Depuis longtemps, les avertissements se succèdent. Il est maintenant difficile de ne pas distinguer l’énorme structure de ce
phénomène composite, mais véritablement cannibale. Le petit rat roi des français, dans l’habitacle de son Godzilla administratif et policier n’en est
qu’un rouage. Tout cela s’ancre dans un passé et un inconscient incomparablement plus énorme et inconnaissable.
Comme une fosse septique à l’échelle planétaire.
L’homme, soudain, après avoir dansé toute la nuit, se réveille face à la Bête. Tout ce qu'il vomit, il le reconnait. Tout ce qu'il a avalé défile sous ses yeux, tranche après tranche. Tout ce qui nous menait vers le bas a repris vie. Un incommensurable tas de merde autonome qui veut maintenant prendre le pouvoir.
C’est vrai, c’est constatable, pertinent, c’est le discours des réalistes.
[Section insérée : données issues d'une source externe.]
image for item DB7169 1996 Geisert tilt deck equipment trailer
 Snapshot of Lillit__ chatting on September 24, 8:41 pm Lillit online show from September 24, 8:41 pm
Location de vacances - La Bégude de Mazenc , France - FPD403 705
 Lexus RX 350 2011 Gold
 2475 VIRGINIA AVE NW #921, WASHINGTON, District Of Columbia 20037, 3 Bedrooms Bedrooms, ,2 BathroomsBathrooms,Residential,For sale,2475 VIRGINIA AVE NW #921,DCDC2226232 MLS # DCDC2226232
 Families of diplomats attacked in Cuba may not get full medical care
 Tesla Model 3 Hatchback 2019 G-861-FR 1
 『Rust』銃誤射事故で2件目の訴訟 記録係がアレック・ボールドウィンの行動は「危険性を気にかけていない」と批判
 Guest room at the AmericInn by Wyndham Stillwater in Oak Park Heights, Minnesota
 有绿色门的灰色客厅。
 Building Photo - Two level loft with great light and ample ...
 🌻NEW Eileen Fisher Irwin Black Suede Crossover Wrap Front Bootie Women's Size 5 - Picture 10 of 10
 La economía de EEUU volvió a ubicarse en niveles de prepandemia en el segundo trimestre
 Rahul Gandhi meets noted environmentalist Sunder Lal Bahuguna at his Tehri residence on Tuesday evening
Les croyants, eux, disent que Dieu balaiera tout cela dans une énorme chasse d’eau. Et punira les méchants, ajoutent ceux qui se croient différents.
Moi, qui oscille entre réalisme et espérance, je pose juste ce schéma : si l’horreur accumulée par l’humanité soudain s’anime et s’incarne, elle a déjà et nécessairement un adversaire de taille : la somme de tout l’amour, de toute l’abnégation, de toute la beauté, de toute l’aspiration vers le haut, de tous les minuscules efforts accomplis par des dizaines de milliards d’êtres, parmi tous leurs abandons, toutes leurs défaites, tout le malheur qui les a abattus.
Tout ce qui a demandé de chacun de nous dans le cours de ces milliers de vies* un prodigieux labeur, ou une dignité soudaine et fervente devant l'adversité, tout cela forme un réservoir immense, un potentiel qui retombe chaque jour en pluie sur nous, et féconde le meilleur que nous puissions donner.
Il est impossible que cela compte pour rien, si la bassesse et la cruauté apparaissent en évidence.
C’est une forme de réalisme accru, supérieur au réalisme matérialiste. Je ne vous demande pas de croire. Juste de saisir que tout a son contraire, et que tout est là, présent, à chaque instant.
Y compris le pire.
C'est pourquoi le désespoir et le découragement sont des tromperies dont il faut sortir, mais également l'optimisme béat et la crédulité.
* qu'elles soient "antérieures" stricto sensu, ou vécues par nos millions d'ancêtres toujours présents en nous.